FIG. 4 is a block diagram illustrating a receiving device mounted with the known image rejection mixer. In FIG. 4, image rejection mixer 2 of known receiving device 1 includes input terminal 3 to which signals of a first radio frequency bandwidth or signals of a second frequency bandwidth, which is narrower than the first radio frequency bandwidth are input, first mixer 4 and second mixer 5 connected directly or indirectly in parallel to input terminal 3, and local signal oscillation unit 6 for transmitting local signals of mutually different phases to first mixer 4 and second mixer 5. In addition, image rejection mixer 2 includes filter unit 7 for synthesizing signals from first mixer 4 and signals from second mixer 5 by rotating the phase of the signals from at least one of first mixer 4 and second mixer 5.

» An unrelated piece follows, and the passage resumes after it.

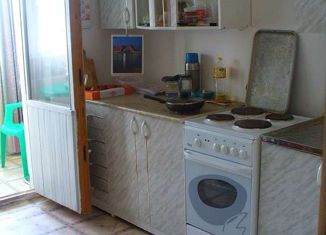 Продаю трехкомнатную квартиру, 83 м2, Ольгинка, 3-й микрорайон, 6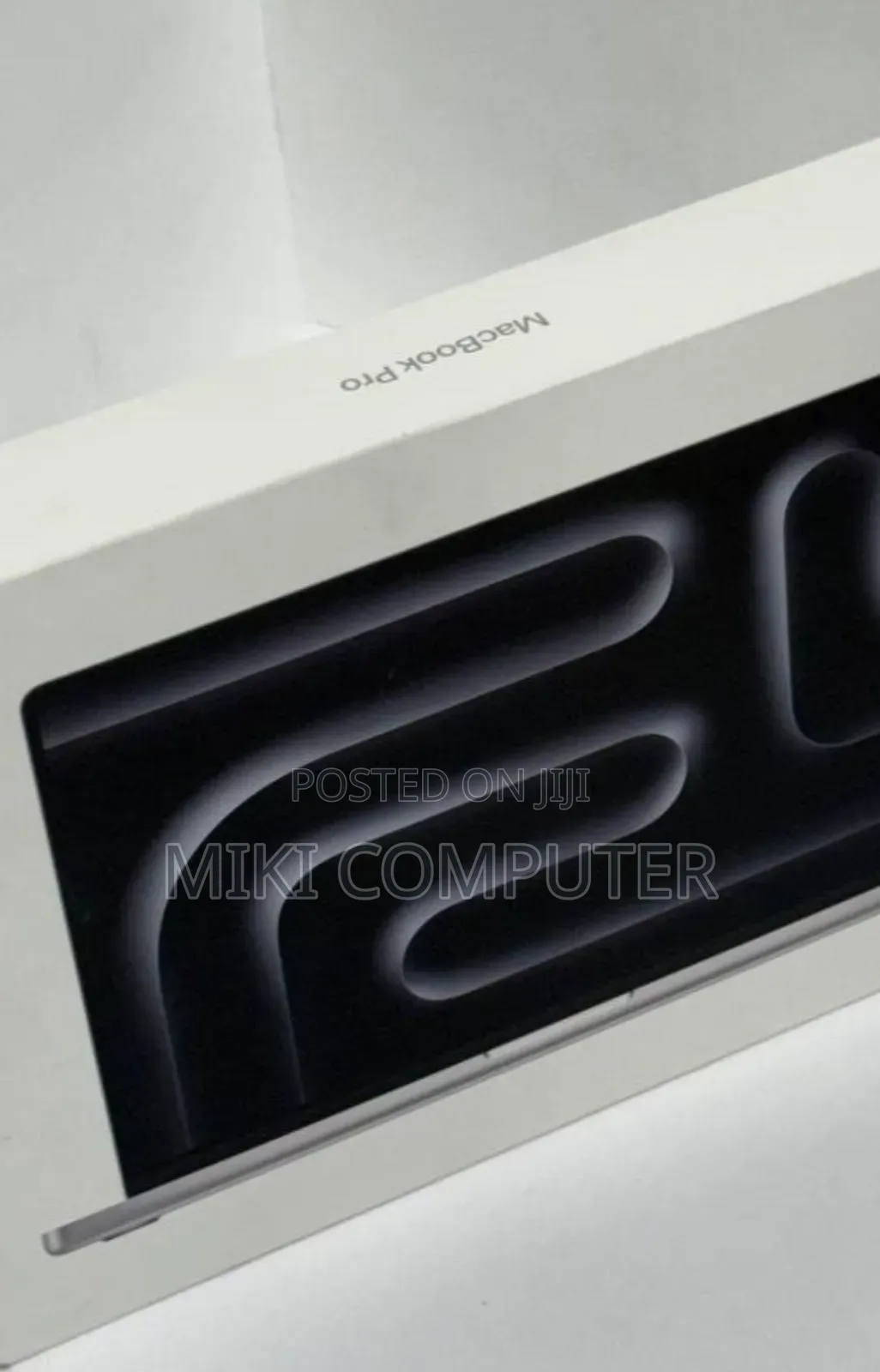 New Laptop Apple MacBook Pro 2024 M4 Max 14-Inch 24GB Intel SSD 512GB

Filter unit 7 includes first filter circuit 8 for first intermediate frequency band configured by a poly phase filter, second filter circuit 9 for second intermediate frequency band configured by the poly phase filter, first switch unit 10 for switching and inputting the signals to first filter circuit 8 or second filter circuit 9, and second switch unit 11 for switching and outputting the signals from first filter circuit 8 or second filter circuit 9.

Receiving device 1 includes image rejection mixer 2, intermediate frequency filter 14 for attenuating unnecessary signals which cannot be attenuated by image rejection mixer 2, AD conversion unit 15 connected to an output side of intermediate frequency filter 14, demodulation unit 16 connected to an output side of AD conversion unit 15, and sampling signal oscillation unit 17 connected to the other input terminal of AD conversion unit 15 for generating sampling signals.

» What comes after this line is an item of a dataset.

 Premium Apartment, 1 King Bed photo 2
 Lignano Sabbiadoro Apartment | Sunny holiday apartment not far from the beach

Receiving device 1 includes switch controller 12 for acquiring channel information and segment information from a channel setting unit (not shown) for controlling first switch unit 10 and second switch unit 11 on the basis of the information. Receiving device 1 includes local signal controller 13 for acquiring the channel information and the segment information from the channel setting unit and controlling the frequencies of the local signals of local signal oscillation unit 6 on the basis of the information.

As a prior art document on the application of the invention, there is known Patent Document 1.

However, in receiving device 1, in order to receive a plurality of desired waves of different bandwidths such as switching reception of 1 segment broadcasting and 3 segment broadcastings of a terrestrial digital broadcasting, filter circuits 8 and 9 configured by the poly phase filters for respective bandwidths and switch units 10 and 11 for switching filter circuits 8 and 9 are required. As a result, the size of receiving device 1 may be larger.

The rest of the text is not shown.